Poitier grew up in the small Bahamian village of Cat Island and in Nassau before he moved to New York at 16, lying about his age to sign up for a short stint in the Army and then working at odd jobs, including dishwasher, while taking acting lessons.

Poitier with Claudia McNeil in the 1959 Broadway production of “A Raisin in the Sun.” Reviewing his performance, Brooks Atkinson of The Times wrote, “Mr. Poitier is a remarkable actor with enormous power that is always under control”. Photo by Leo Friedman

The young actor got his first break when he met the casting director of the American Negro Theater. He was an understudy in “Days of Our Youth” and took over when the star, Belafonte, who also would become a pioneering Black actor, fell ill.

Poitier went on to success on Broadway in “Anna Lucasta” in 1948 and, two years later, got his first movie role in “No Way Out” with Richard Widmark.

Aside from the more than 50 films he starred in, he directed nine, starting in 1972 with “Buck and the Preacher” in which he co-starred with Belafonte.

Poitier with Tony Curtis in “The Defiant Ones” (1958), which established him as a star and earned him an Academy Award nomination for best actor.
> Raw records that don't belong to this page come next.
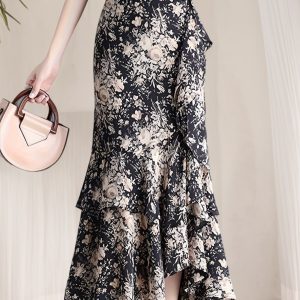 Elegant|Floral High-Waisted Elegant Floral Print Chiffon Maxi Skirt | Mermaid Hem, Polyester, All-Season Wear, No Belt, Stylish Black Strappy Sandals, Allseason Skirt|Floral Print Skirt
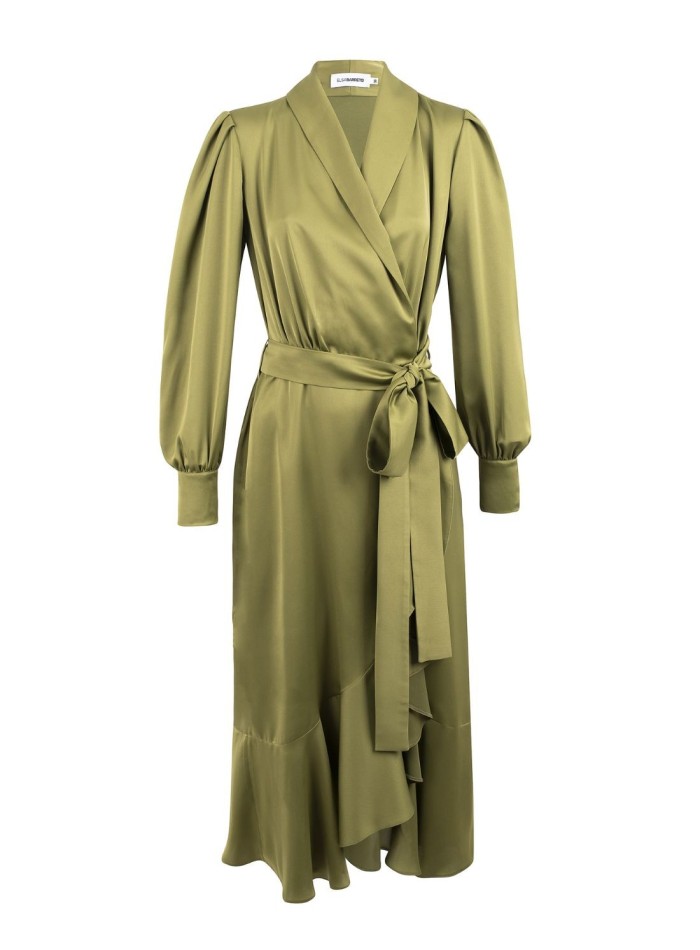 Robe midi croisée vert pistache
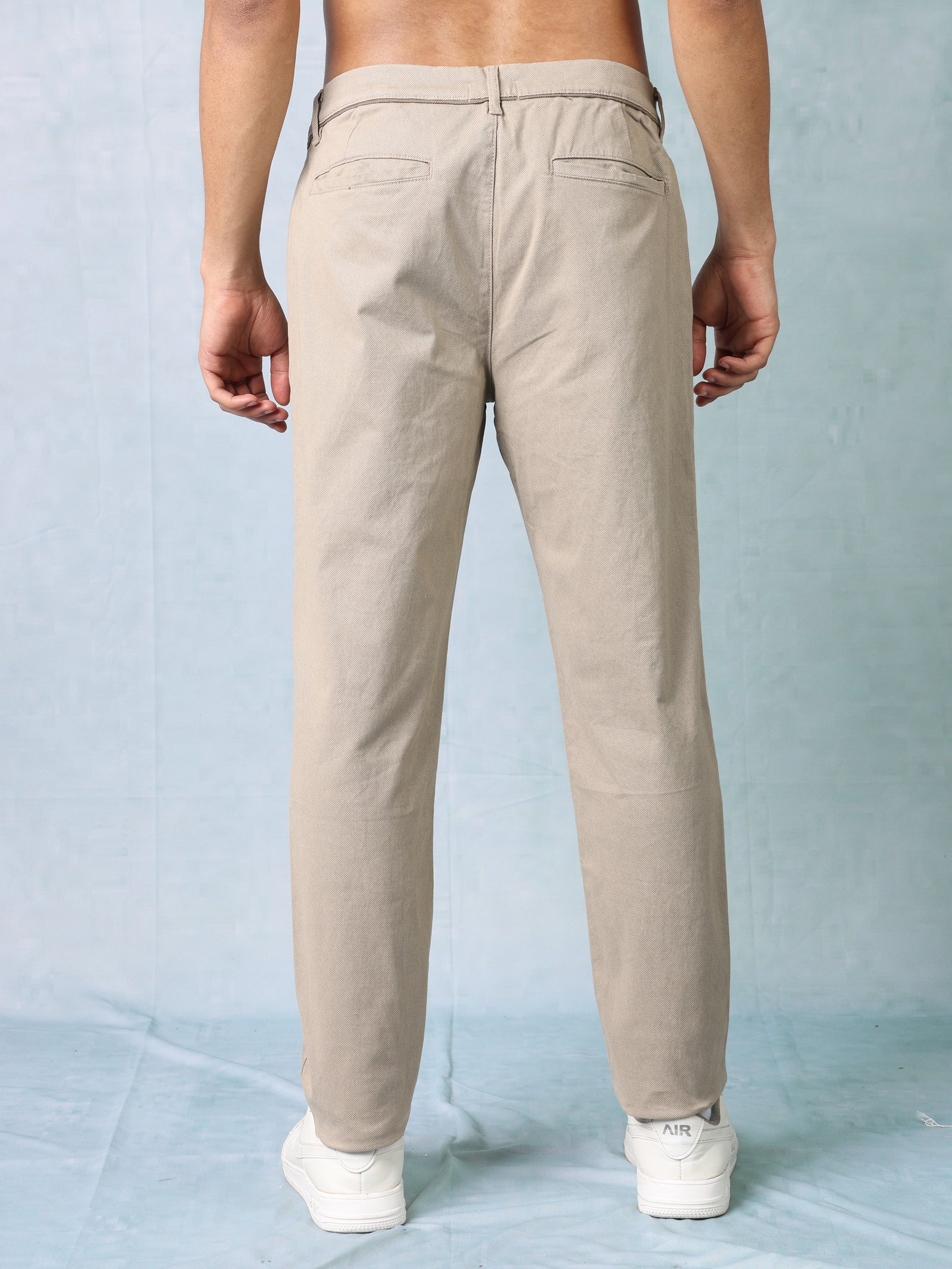 Men Beige Regular Fit Trouser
Photo by United Artists)

In 1992, Poitier was given the Life Achievement Award by the American Film Institute, the most prestigious honor after the Oscar, joining recipients such as Bette Davis, Alfred Hitchcock, Fred Astaire, James Cagney and Orson Welles.
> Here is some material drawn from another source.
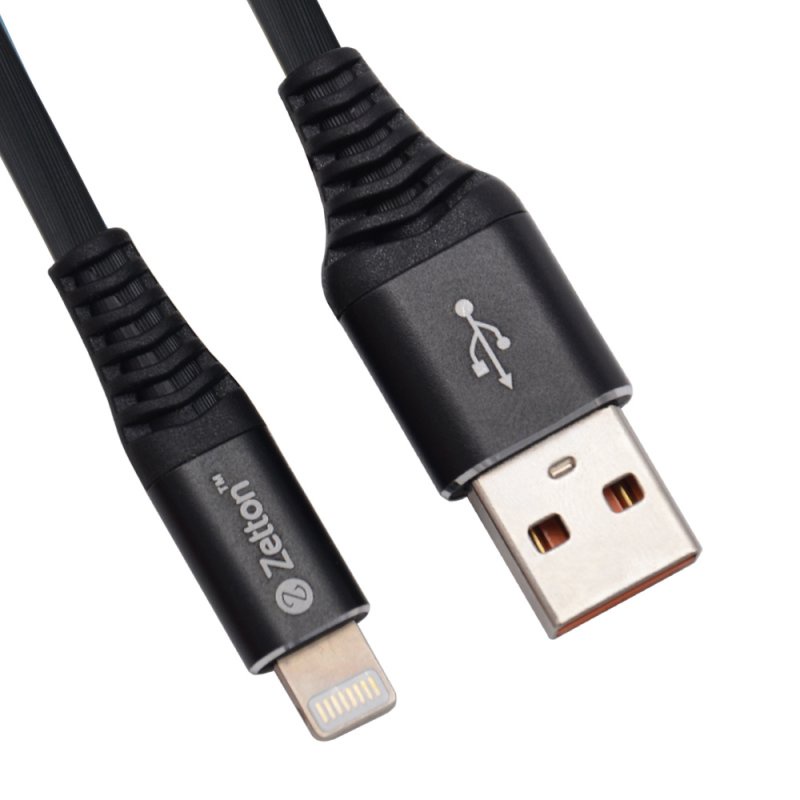 фото USB кабель Zetton USB SyncCharge Round Soft TPE Data Cable USB to Lightning, ZTUSBRSTBKA8, черный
“I must also pay thanks to an elderly Jewish waiter who took time to help a young Black dishwasher learn to read,” Poitier told the audience. “I cannot tell you his name. I never knew it. But I read pretty good now.”

In 2002, an honorary Oscar recognized “his remarkable accomplishments as an artist and as a human being.”
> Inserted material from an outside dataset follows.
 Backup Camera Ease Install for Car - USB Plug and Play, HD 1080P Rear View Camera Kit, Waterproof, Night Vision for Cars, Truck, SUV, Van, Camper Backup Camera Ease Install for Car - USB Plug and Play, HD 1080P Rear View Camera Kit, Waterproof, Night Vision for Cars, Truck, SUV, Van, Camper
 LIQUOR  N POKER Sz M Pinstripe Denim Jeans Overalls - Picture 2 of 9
Poitier married actress Joanna Shimkus, his second wife, in the mid-1970s. He had six daughters with his two wives and wrote three books – “This Life” (1980), “The Measure of a Man: A Spiritual Autobiography” (2000) and “Life Beyond Measure: Letters to My Great-Granddaughter” (2008).

“If you apply reason and logic to this career of mine, you’re not going to get very far,” he told the Washington Post. “The journey has been incredible from its beginning. So much of life, it seems to me, is determined by pure randomness.”

Poitier wrote three autobiographical books and in 2013 published “Montaro Caine,” a novel that was described as part mystery, part science fiction.

In 2009, Poitier was awarded the highest U.S. civilian honor, the Presidential Medal of Freedom, by President Barack Obama.

The 2014 Academy Awards ceremony marked the 50th anniversary of Poitier’s historic Oscar and he was there to present the award for best director.

* Adapted from Reuters and The New York Times

* Banner photo: Matt Sayles, Associated Press

President Barack Obama presented Sidney Poitier with the Presidential Medal of Freedom in 2009 (Photo: Jewel Samad/Agence France-Presse — Getty Images)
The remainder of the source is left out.